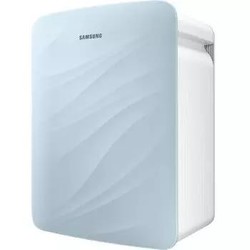 SAMSUNG 三星 KJ350G-K3000WU 空气净化器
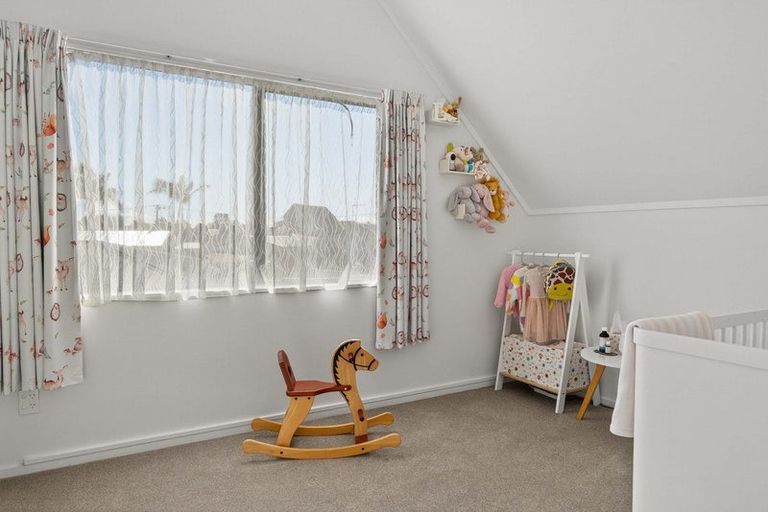 Photo of property in 4/7 Greenpark Way, Greerton, Tauranga, 3112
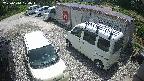 yotec2-20250610124014.jpg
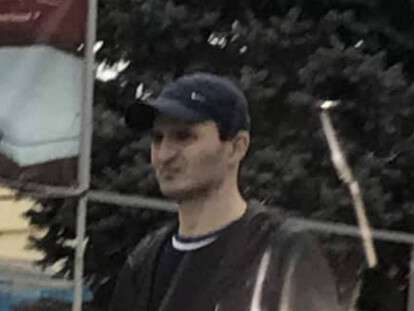 59022607_496001280935384_426375087239725056_n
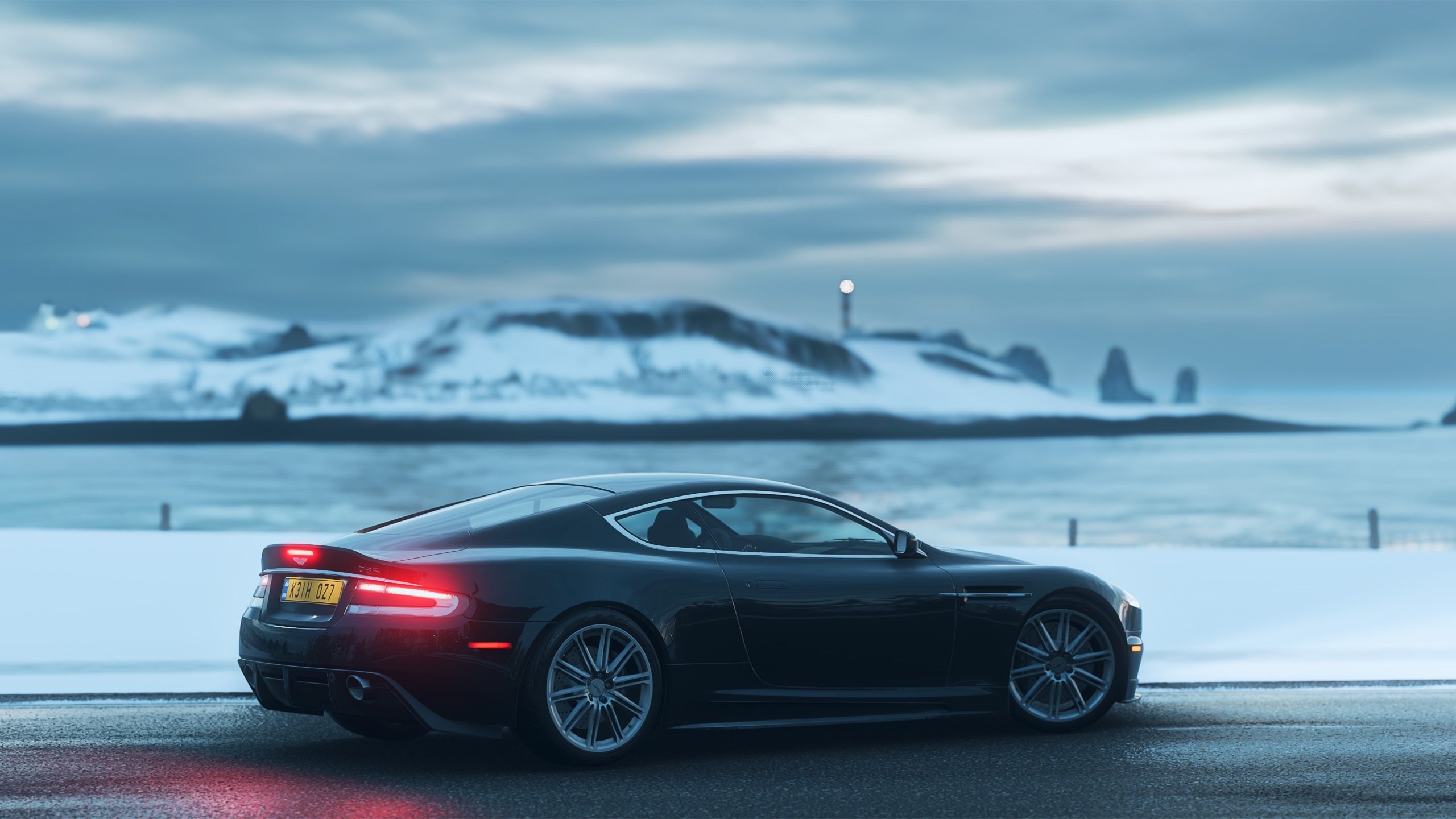 战场上的织网者，赖斯如何用精密计算肢解喀麦隆防线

ABOUT THIS EXERCISE
Every line of the listing must be reproduced exactly, though the pictures are to be left out.

SOLUTION
 SAMSUNG 三星 KJ350G-K3000WU 空气净化器
 Photo of property in 4/7 Greenpark Way, Greerton, Tauranga, 3112
 yotec2-20250610124014.jpg
 59022607_496001280935384_426375087239725056_n
 战场上的织网者，赖斯如何用精密计算肢解喀麦隆防线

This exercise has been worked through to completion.